The transplant experiments we were talking about at the beginning, like the capacity of expanding out of human cells and then putting them back into patients – I think that is more the long-term future because there is still quite some improvement that needs to be done on the systems, and this improvement can only come from basic research.
The industry implements these things when they are over the age of development and there are little developments to be done.
For transplantation, cell therapy transplantation, I still envision maybe 15 years more. But who knows, 15 years ago, nobody (or very few) knew the word “organoid” neither used it as we do now… Even us, in our first manuscripts 10 years ago we were calling them “3D Adult stem cell cultures”, so the growth of this and, probably all, fields is exponential and it only takes one or two breakthroughs to get to the next level. Only time will tell…
Alex Thake received her BFA from Hunter College in New York. She currently resides in Frankfurt attending the Städelschule. Her installation considers and conflates preconceptions of technology, architecture and biology. Her most recent works have been investigating biological radicalism as response to repressive systems and the internal and external manifestations of failed utopias.
Dr Meritxell Huch obtained her PhD at the Center for Genomic Regulation in Barcelona. In 2008, moved to the Netherlands, to the Hubrecht Institute where she studied Stem cells.
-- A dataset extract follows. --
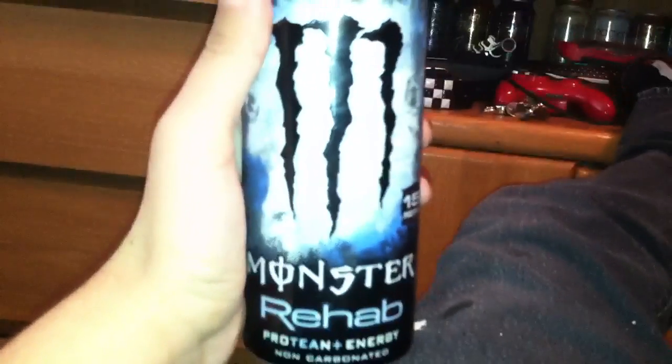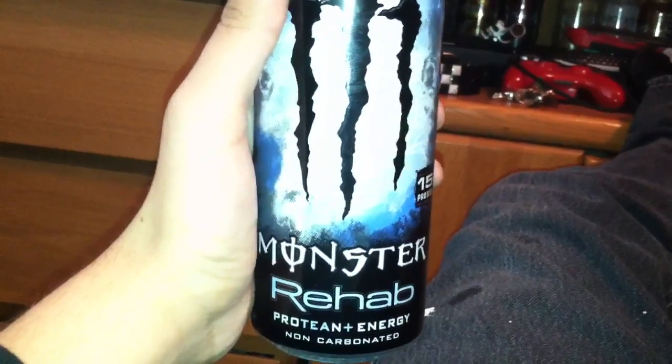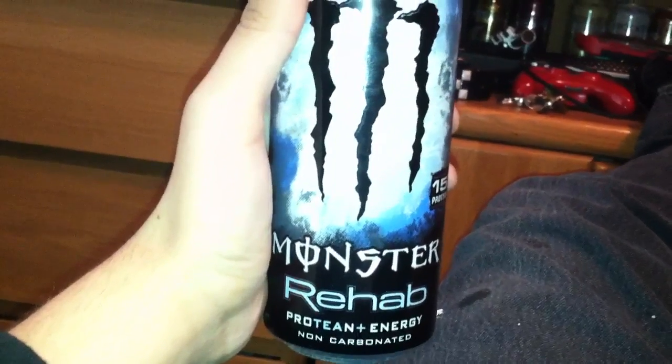And well, it tastes like shit. Completely tastes like rotten old blueberry yogurt that turned into liquid. It's disgusting. I don't like it. I'm never going to buy it again. So there you go.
She made the ground-breaking discoveries that liver and pancreas cells can be expanded as organoids ex-vivo, and that these recapitulate many aspects of tissue regeneration in a dish. In 2019, she was awarded the Lise Meitner excellence research program fellowship from the Max Planck Society and moved her lab to the Max Planck Institute of Molecular Cell Biology and Genetics, in Dresden, where she focuses her research on understanding tissue regeneration, organ formation and their deregulation in disease.